Wednesday, July 7, 2010



Freedom has many attributes. Because of the sacrifice made by those who formulated the Declaration of Independence, we have freedom of choice, of speech, and of worship. While these are wonderful they are not the most important. As we find in Genesis 32: 24-31 the greatest freedom one can enjoy is freedom from self. Jacob had spent his life living in bondage. He was bound by a spirit of deceit which drove him to take advantage of those closest to him including his brother and his aged father.

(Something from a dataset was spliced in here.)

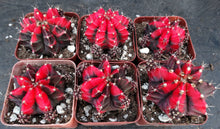 Load image into Gallery viewer, Gymnocalycium 'Shanghai'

When he came to the end of his road he found himself alone having an encounter with God. In this encounter he no doubt thought God wanted to talk to him about his unfortunate life. Let's talk about Laban and how he took advantage of me. Or better still let's talk about Esau and his desire to kill me. But I hear God say "No! This encounter is not about anyone else but you. Laban and Esau are not your problem, nor is anyone else. Your problem is you!" That most often is the case with all of us. Our biggest problem is ourselves. We need freedom from self. In this story we find out how we move from beyond ourselves to being what God wants us to be. The transition involves three steps: One: When we realize there are no other options. Jacob was at the end of the road. He could do nothing else to help himself. Two: When you're willing to be honest. Jacob had to admit who he was. He had to confess his name which meant deceiver-sup-planter. Three: When we are willing to pay the cost--the cost of being alone. When we are willing to say "God it's just you and me. Let's stay here until we work this thing out." The Bible says they wrestled. One often thinks of this as total blessing. But we cannot imagine the pain brought on by a dislocated hip. Yet this brought him to the point of crying out "I will not let you go until you bless me." This cry was not one of the desire to feel goose bumps. It was one to total dependency. He was saying "I cannot let you go because without your blessing I cannot make it."

What is the result of such an encounter? The closing picture is shown of Jacob walking in the sunrise limping. He is a new man with a new name. He has experienced freedom which is the potential for all who choose to visit Peniel the Place of Freedom.